Tenaciously Teal grew from my love of spreading hope and kindness through care packs given to those next to me in the chemo room. However, with significant growth it has been tough to pass out care packs myself, but this morning I was able to return to something I truly love.
After loading almost 40 care packs into the T. Teal wagon I waited to get on the elevator and head to the chemo infusion room. As the door opened I locked eyes with an elderly man, in worn overalls, sitting in a wheelchair pushed by his wife. I immediately saw the signs of treatment that weighed heavy on his brow and I asked if he'd just come from chemo. His head turned down as he shook it in defeat, and his wife informed me his platelets were too low to receive treatment. I know the discouragement that comes from being turned away from chemo, and concern that without chemo the cancer may have opportunity to continue growing.
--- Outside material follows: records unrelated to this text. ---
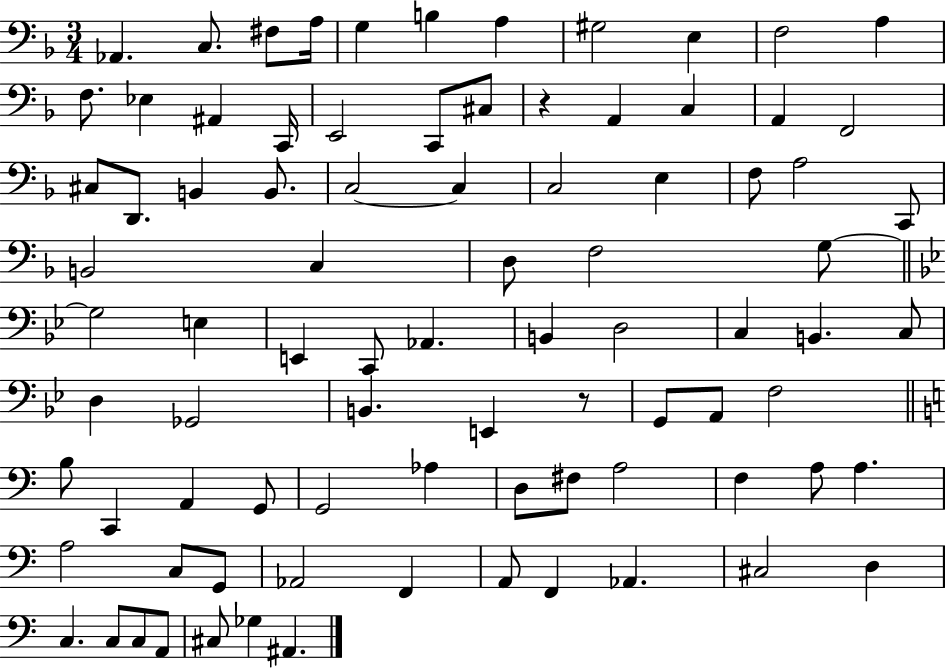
X:1
T:Untitled
M:3/4
L:1/4
K:F
_A,, C,/2 ^F,/2 A,/4 G, B, A, ^G,2 E, F,2 A, F,/2 _E, ^A,, C,,/4 E,,2 C,,/2 ^C,/2 z A,, C, A,, F,,2 ^C,/2 D,,/2 B,, B,,/2 C,2 C, C,2 E, F,/2 A,2 C,,/2 B,,2 C, D,/2 F,2 G,/2 G,2 E, E,, C,,/2 _A,, B,, D,2 C, B,, C,/2 D, _G,,2 B,, E,, z/2 G,,/2 A,,/2 F,2 B,/2 C,, A,, G,,/2 G,,2 _A, D,/2 ^F,/2 A,2 F, A,/2 A, A,2 C,/2 G,,/2 _A,,2 F,, A,,/2 F,, _A,, ^C,2 D, C, C,/2 C,/2 A,,/2 ^C,/2 _G, ^A,,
I looked back at this tough looking man whose head now hung in defeat, and noticed he had shed a single tear that was rolling down his cheek. I immediately grabbed a care pack from our wagon, and told him I wanted to give him something. He looked up and when he saw the gift and Bible verse written on the the brown paper sack he began to cry, and the one tear became many as he reached out and took the gift from my hands. He told me he had been fighting lung cancer for three years but it's now in his brain, and still weeping, he said “This is the third year I am not going to get to enjoy Thanksgiving”.
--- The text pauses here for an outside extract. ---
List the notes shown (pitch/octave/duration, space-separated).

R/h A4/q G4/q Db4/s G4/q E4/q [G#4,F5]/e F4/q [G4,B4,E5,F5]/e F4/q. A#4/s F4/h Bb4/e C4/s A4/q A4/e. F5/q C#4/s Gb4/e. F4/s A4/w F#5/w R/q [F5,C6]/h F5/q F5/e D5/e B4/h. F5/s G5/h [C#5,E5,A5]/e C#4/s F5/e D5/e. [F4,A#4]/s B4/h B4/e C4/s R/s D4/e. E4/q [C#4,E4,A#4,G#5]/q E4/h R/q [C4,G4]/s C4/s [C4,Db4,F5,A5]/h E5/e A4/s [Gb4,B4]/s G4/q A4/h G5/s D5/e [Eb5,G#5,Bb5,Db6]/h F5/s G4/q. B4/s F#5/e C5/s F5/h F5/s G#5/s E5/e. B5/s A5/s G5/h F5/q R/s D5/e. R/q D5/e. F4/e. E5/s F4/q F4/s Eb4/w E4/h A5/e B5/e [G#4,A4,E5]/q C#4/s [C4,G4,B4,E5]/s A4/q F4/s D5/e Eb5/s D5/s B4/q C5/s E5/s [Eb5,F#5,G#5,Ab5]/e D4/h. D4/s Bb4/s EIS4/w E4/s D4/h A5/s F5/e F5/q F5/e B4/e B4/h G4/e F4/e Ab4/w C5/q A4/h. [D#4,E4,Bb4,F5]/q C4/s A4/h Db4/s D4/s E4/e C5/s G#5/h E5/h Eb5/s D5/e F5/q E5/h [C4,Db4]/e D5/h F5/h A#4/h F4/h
My heart broke even more for him, so somewhat timidly I asked if I could pray with him. There in the middle of the lobby, in front of the elevators that continued to ding for those waiting, I grabbed his hand, bowed my head, and began to pray for William. I prayed he would have peace, feel God’s strength, be surrounded by angels, feel joy from the Holy Spirit, have an appetite, and enjoy ultimately enjoy Thanksgiving! As I said amen Williams rough hands from seemingly years of hard work squeezed mine tightly and he thanked me through tear filled eyes. After the prayer he began looking through his care pack and with excitement exclaimed “wow this stuff is fantastic”, and then his wife followed saying, “he will be talking about this the whole way home”!
What is the moral of the story? First, prayer is always the right thing to do when it feels like there is nothing you can do. Second, this Thanksgiving don’t complain about the food, your plans, family, or when something doesn’t go just right. Instead wake up and be thankful for anything and everything, because someone like William is just fighting to survive and has one wish, to enjoy Thanksgiving!